Your best personal defense is to manually remove any page or html queues that a spammer would pick up on as being common to a certain type of postable web page or element.
Bloggers have been creating blacklists (banning both poster ips and destination urls) with some degree of success. This is a deterrent, having a spammer show up on a blacklist whereby webmasters use a distributed file to 'clean' their blogs automatically.
No, 9/11 was pure evil
Overuse of absolutes can lead to their deterioration. As an American I couldn't feel more turgid: now when the Europeans get ready to yell HITLER!!!! in IRC, I can just pre-emptively yell 9/11!!!!!!! and lose/end the conversation.
To be fair, the difference between these 'blog abusing 'minor annoyances' and the large scale deaths/destruction of 9/11 can be seen as just a matter of scale. To some people I know, the economic impact of terrorism keeps them awake at night: the value of human life be damned, watch that bottom line! (Not the most civicly minded people, IMHO.)
Being respected members of polite business society, these people and their defective outlook just as dangerous to you and I as the wiki 'blog abusers and 9/11 baby killers.

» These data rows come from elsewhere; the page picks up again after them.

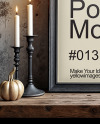 Picture in a Wooden Frame with Pumpkins and Candles Mockup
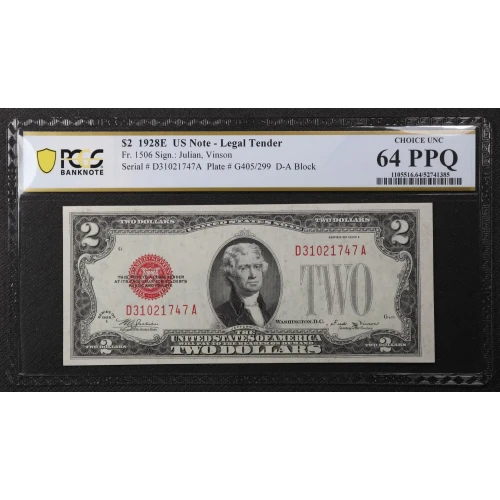 $2 1928-D red seal. Small Legal Tender Notes 1505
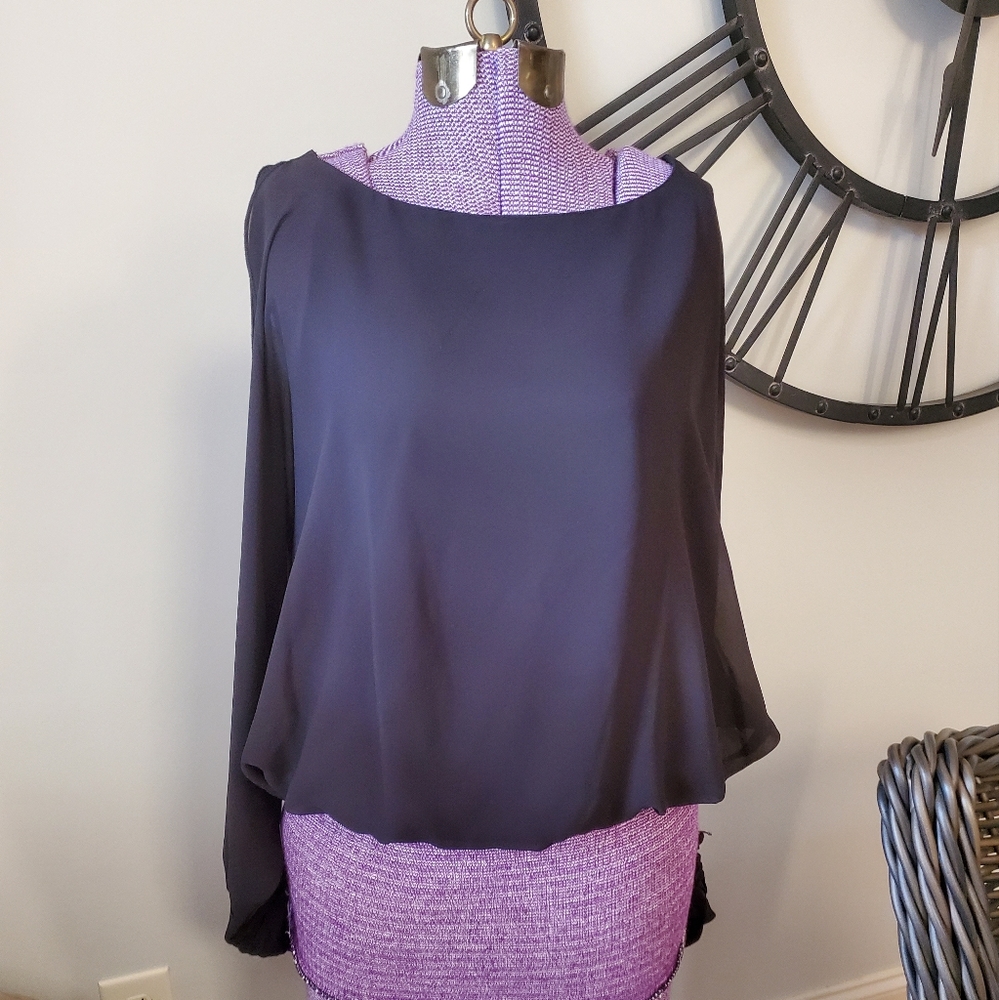 Jessica Simpson Black Small Anastasia Slit Sleeve Batwing Dolman Top Blouse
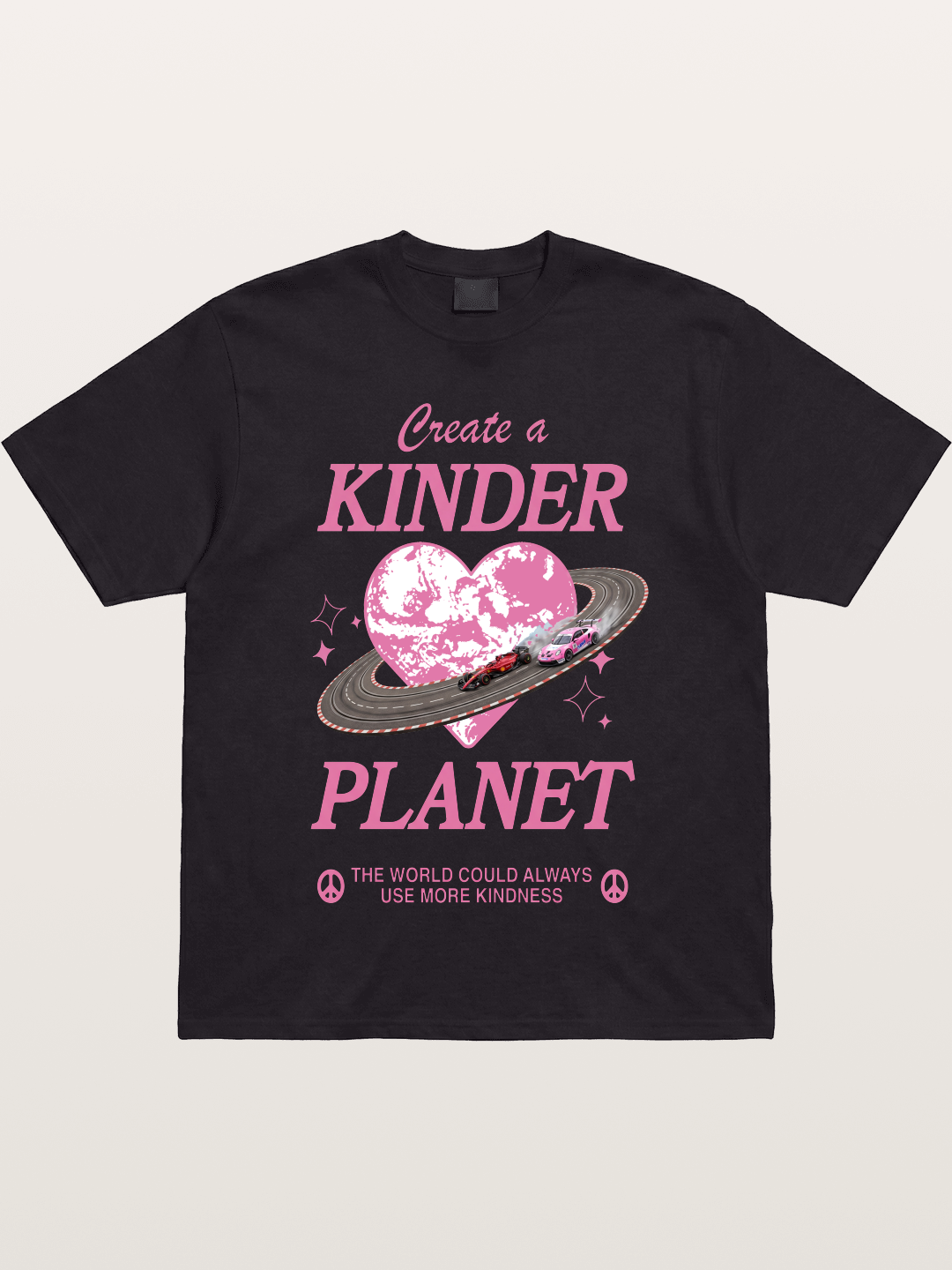 Pink Heart Earth Race Gildan T-shirt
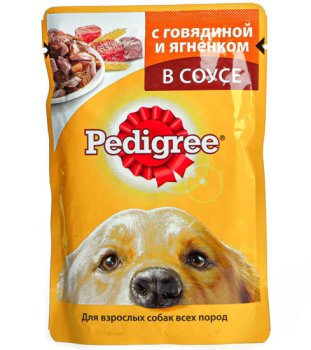 Корм консервированный для собак Pedigree говядина и ягненок в соусе 85г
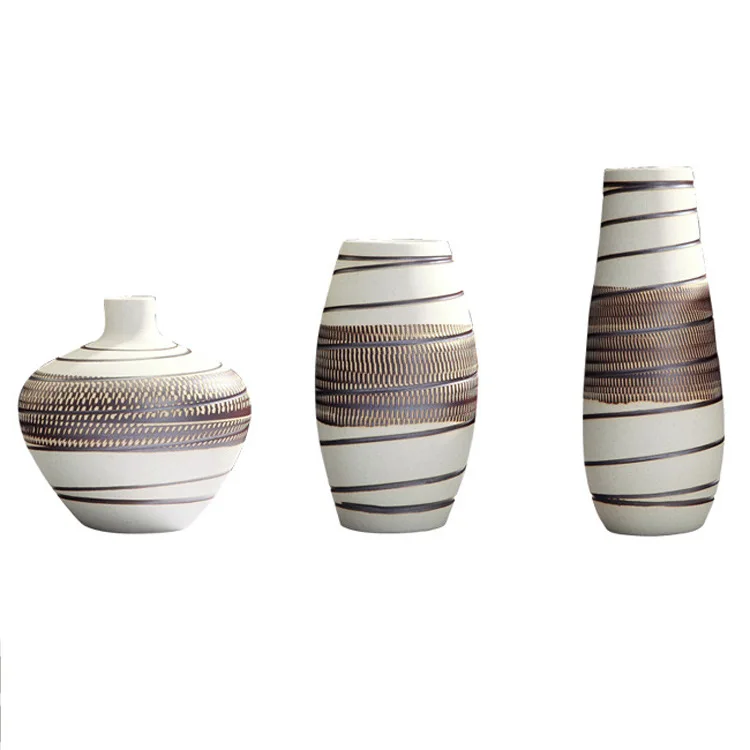 Простая керамическая ваза Цзиндэчжэнь из трех частей, керамическое украшение ручной работы, гостиная, настольный цветок, цветочное украшение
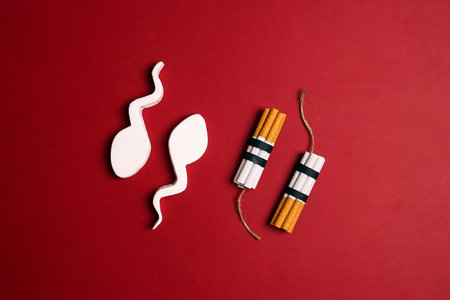 Spermatozoa with cigarette dynamite bomb on a red background. The dangers of smoking for men's health.の写真素材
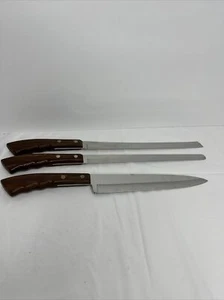 Vintage WEST BEND 3 Piece Knife Set Stainless Dual Riveted Handle Made USA 1970s - Picture 1 of 23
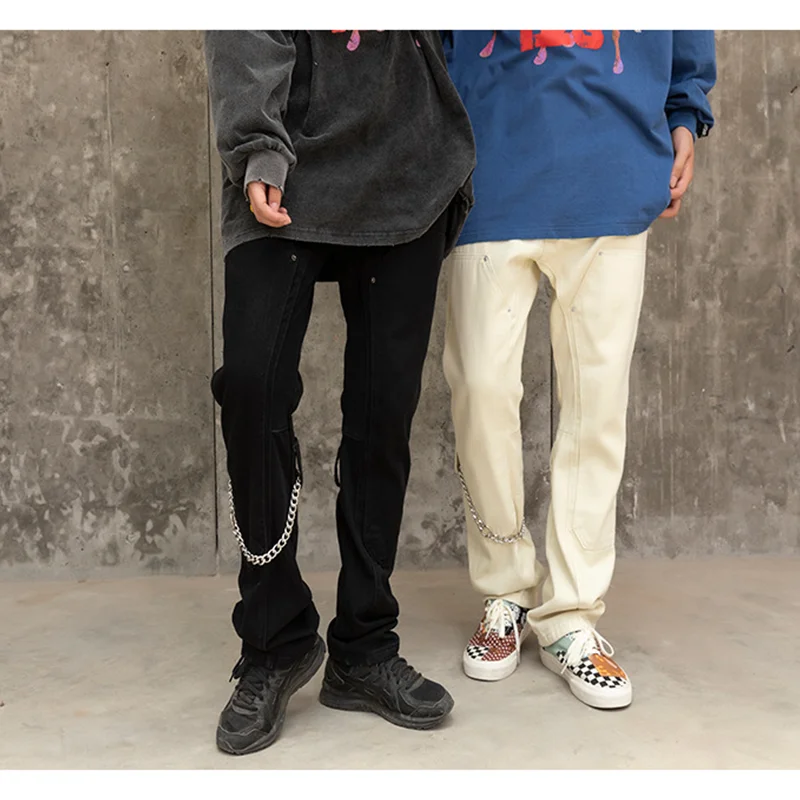 Streetwear Men 2022 New Pattern Black Pants Straight Pants Comfortable Temperament Loose Recreational Trousers Autumn Female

To them, you are either a customer, employee or garbage to be taken out by security.
This, by the way, is how we treat anybody who we have successfully alienated. Look at these 'blog spammers. Would anyone have cried if Al Queda had blown up a spammer's house?
Both sides of this argument stand at the top of a moral mountain with a very slippery slope and are trying to make the other fall off as far and as fast as possible. I'm waiting to see who tumbles first.
Like they say on bash.org: I will become rich and famous when I invent a device to punch people in the face through the Internet.
"You cannot have a General Will unless you have shared experiences. You cannot be fair to people you don't know."
> Isn't it time for Google finally to put some work into refining their results...
Isn't it time to also reconsider the Wiki paradigm? More sites (like this) are requiring logins. "Golden Prose" indeed! IMHO, Wikis are evolving into crude Content Management Systems.
Hear, hear. Systems (software or otherwise) that offer something of monetary value for free, and provide no mechanism whatsoever to prevent people from exploiting them, are going to get exploited. Shocking!
Maybe it wasn't obvious to blog and wiki programmers that the ability to post a comment or edit a wiki page was worth money. It isn't worth a lot per post, but because these are online systems, they are very susceptible to bots that can post in huge volume. All of those posts together can alter a site's placement in Google search results, and that's definitely worth money.
Instead of whining about Google being influenced by attacks that use your Wiki or blog, how about making it hard for bots to post in the first place? Is that really an important feature that you can't live without?
I've always wondered why the image is always distorted images which are hard to read on speckled backgrounds?
Why not just show the picture of an object, like an apple or something, and ask the user to type in what it is? I mean, you could have a few hundred of these and it would be nearly impossible for an automated system to guess. (You have a few hundred different items, and like 5-10 images of each item.) I dunno, seems easier to me, but I don't write web software.
Comment of the year
$5 / month hosted VPS on linux = awesome!
I think the real problem is that spammers aren't likely to look at how you've configured spiders to handle your site. So even if you do this i'm sure it won't get rid of the spammers.
Well, why not link SCO to something the reader gets real value from? Some page where they can learn something about SCO? After all, since those pages indeed tell something about SCO and therefore contain the word SCO, it should even be more effective.
The Tao of math: The numbers you can count are not the real numbers.
Also, we really need to replace the klugy robots.txt files and robots meta-tags with headers built in to the HTTP protocol.
Like it is, it's hell to try to get decent robotic behaviour out of anything other than HTML pages.
You forgot the most important SCO link.